● Work required: Take the entries below and reproduce exactly the portion that begins at the line containing "Used 2025 Subaru" and ends at the line containing "More Photos Of", keeping both ends, dropping pictures, and adding nothing else.

● Exercise material:

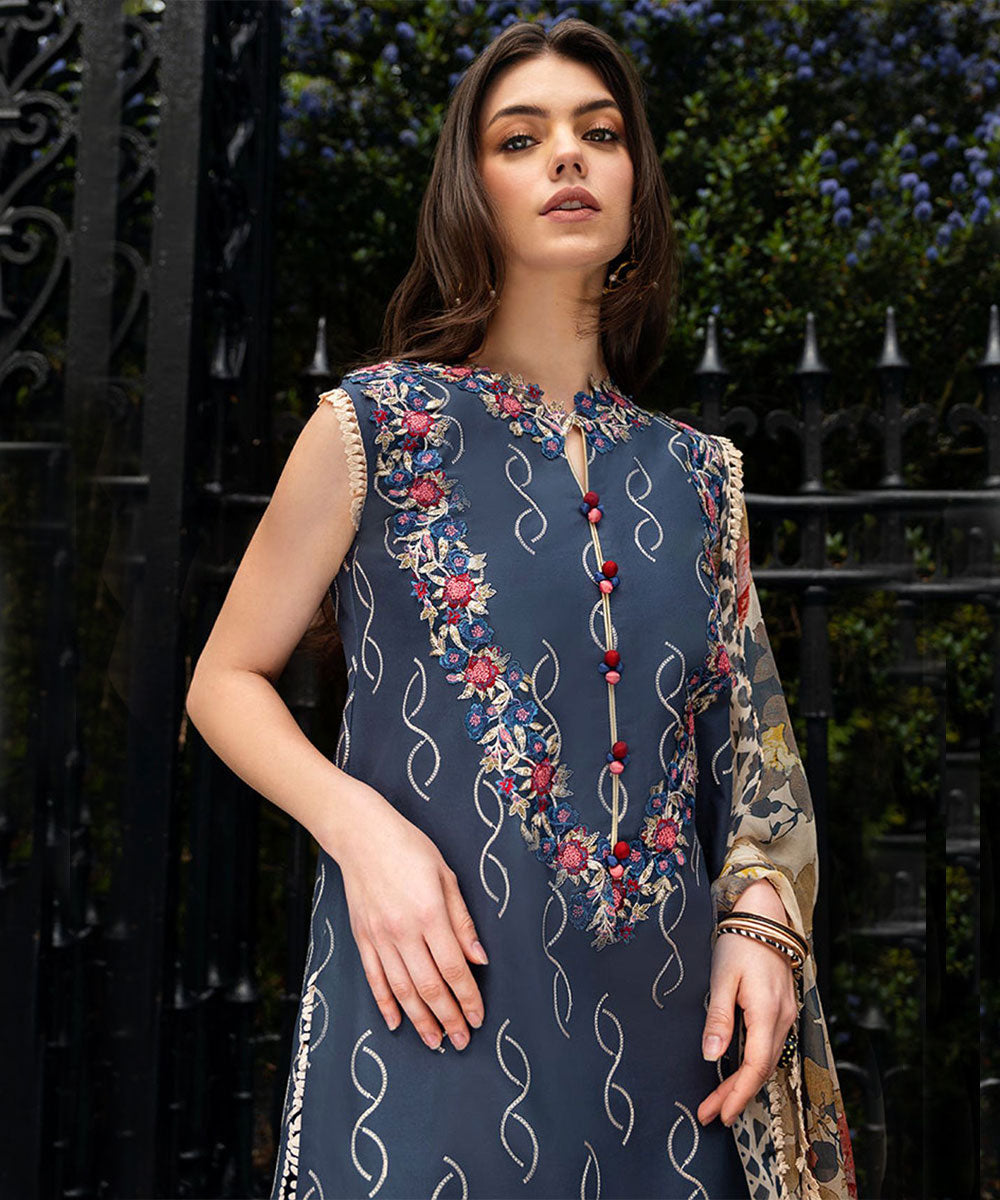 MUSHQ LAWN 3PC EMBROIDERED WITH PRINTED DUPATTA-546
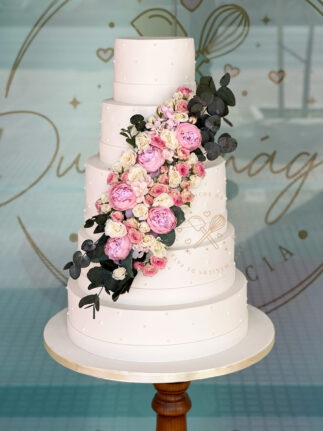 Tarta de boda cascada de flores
...
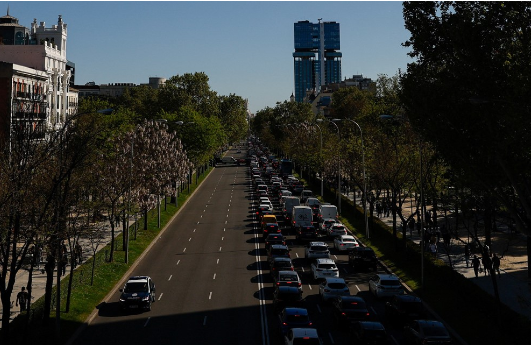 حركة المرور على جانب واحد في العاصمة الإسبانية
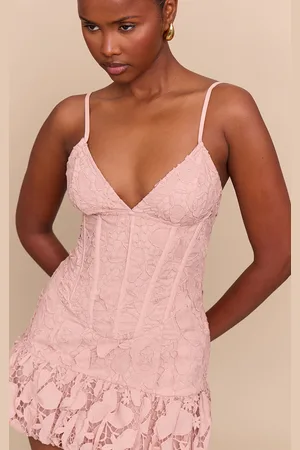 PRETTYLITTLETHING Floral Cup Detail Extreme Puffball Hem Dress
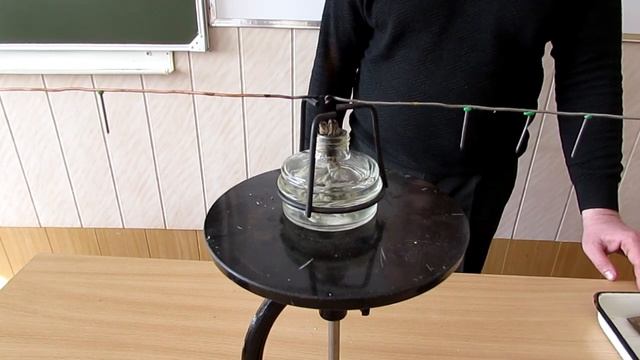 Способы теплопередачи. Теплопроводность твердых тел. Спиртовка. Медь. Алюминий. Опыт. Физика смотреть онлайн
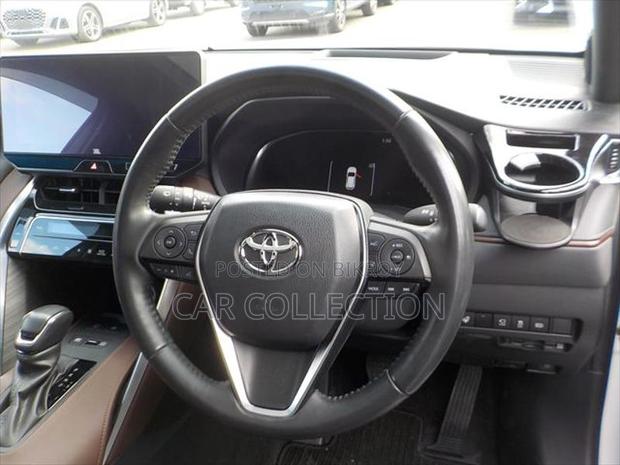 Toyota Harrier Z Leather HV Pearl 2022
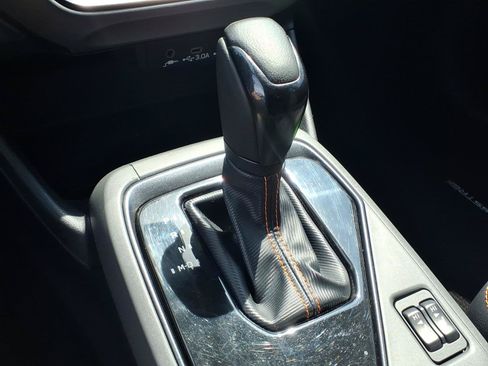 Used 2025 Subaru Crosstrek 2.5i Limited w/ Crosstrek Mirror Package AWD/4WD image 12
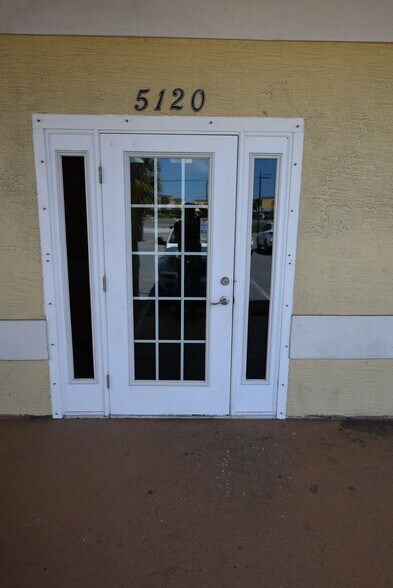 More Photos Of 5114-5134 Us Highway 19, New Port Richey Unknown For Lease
==
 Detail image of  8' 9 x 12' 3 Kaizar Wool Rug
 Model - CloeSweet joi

● Exercise solution:
 Used 2025 Subaru Crosstrek 2.5i Limited w/ Crosstrek Mirror Package AWD/4WD image 12
 More Photos Of 5114-5134 Us Highway 19, New Port Richey Unknown For Lease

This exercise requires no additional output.